C'est une interprétation pré-philosophique du « connais-toi toi-même » qui définit la limitation de soi : sache ce qui te revient à toi.

L'interprétation philosophique de Socrate signifie : étudie-toi et parviens à une connaissance de ton être, de ton essence. Cela signifie : définis-toi toi-même.

Socrate dit aussi : examine ton savoir et rends-toi compte que tu ne sais pas ce que tu prétends pourtant savoir. C'est la connaissance de mon ignorance. C'est une réflexion critique de son propre savoir.

Celui qui sait mène une réflexion critique sur son propre savoir. C'est donc la définition de la conscience.

Saint-Augustin : « pourquoi dès lors faire un devoir à l'âme de se connaître ? C'est, je crois, pour l'inviter à se penser elle-même ».

Pour lui la connaissance de soi, c'est la pensée de soi sur soi-même.

La conscience de soi me permet de dire que je suis.

La connaissance de soi requiert la conscience de soi. Quelqu'un est conscient dès lors que celui qui pense a conscience que celui qui pensait hier est le même que celui qui pense aujourd'hui.

C'est la définition de la conscience par Locke.

Aristote dit : « apprendre à se connaître est très difficile, nous ne pouvons pas nous contempler nous-mêmes à partir de nous-mêmes aveuglés que nous sommes pour beaucoup d'entre nous, aveuglés par l'indulgence et la passion qui nous empêchent de nous juger correctement ».

À trop vouloir se regarder soi-même on finit par ne plus se connaître et même par disparaître comme Narcisse.

Aristote dit que la connaissance de soi n'est possible que par l'intermédiaire de quelqu'un d'autre, un ami qui est un autre soi-même.

Pour se connaître soi-même, il faut avoir du recul sur soi. Il faut être à la fois celui qui regarde (le sujet) et celui qui est regardé (l'objet).

Emmanuel Kant : « je n'ai donc aucune connaissance de moi tel que je suis, mais je me connais simplement tel que j'apparais à moi-même ».

Ce que l'on connaît de soi c'est le moi empirique (mes habitudes), mes pensées.

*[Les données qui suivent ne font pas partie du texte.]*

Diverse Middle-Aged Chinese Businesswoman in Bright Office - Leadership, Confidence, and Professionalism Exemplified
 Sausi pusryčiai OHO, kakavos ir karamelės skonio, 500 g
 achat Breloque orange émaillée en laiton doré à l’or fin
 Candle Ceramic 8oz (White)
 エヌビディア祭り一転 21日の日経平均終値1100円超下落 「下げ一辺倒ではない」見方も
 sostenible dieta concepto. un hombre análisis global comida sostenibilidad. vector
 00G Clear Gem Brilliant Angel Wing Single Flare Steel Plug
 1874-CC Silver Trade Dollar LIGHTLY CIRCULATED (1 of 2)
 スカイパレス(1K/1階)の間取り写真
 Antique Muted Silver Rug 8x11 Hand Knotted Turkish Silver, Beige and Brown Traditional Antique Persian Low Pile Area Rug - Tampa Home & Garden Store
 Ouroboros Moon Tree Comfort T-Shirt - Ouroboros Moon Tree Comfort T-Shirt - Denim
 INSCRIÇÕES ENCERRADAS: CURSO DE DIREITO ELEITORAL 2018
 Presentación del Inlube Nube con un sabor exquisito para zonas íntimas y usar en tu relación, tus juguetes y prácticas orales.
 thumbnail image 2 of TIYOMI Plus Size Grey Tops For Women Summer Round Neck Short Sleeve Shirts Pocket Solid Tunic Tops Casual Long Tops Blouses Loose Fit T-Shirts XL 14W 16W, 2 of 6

L'objectivité porte sur celui qui est vu mais pas sur celui qui regarde.

Freud dit que : « le moi n'est pas le maître dans sa maison ». Le moi ne gouverne pas l'inconscient.

Marx pense que la conscience est constituée par la société.

Nous pensons d'une certaine façon selon notre condition sociale.

Notre pensée ne nous revient pas en soi.

Nietzsche dit que la conscience est la plus petite partie et la plus mauvaise de ce qu'est un homme.

Dans « je me connais » le « je » est lui-même inconnaissable.

On ne connaît que le « me » qui est le moi empirique. Mais le moi est agi par l'inconscient, la classe sociale ou la religion.

Le soi à connaître peut-il être un objet ? Non car il est toujours en devenir.

Pindare dit : « deviens ce que tu es » donc le soi se conquiert sans cesse dans le temps.

Donc on ne peut pas connaître le soi objectivement. La seule connaissance possible de soi ne peut-être objective. L'humain est indéfinissable.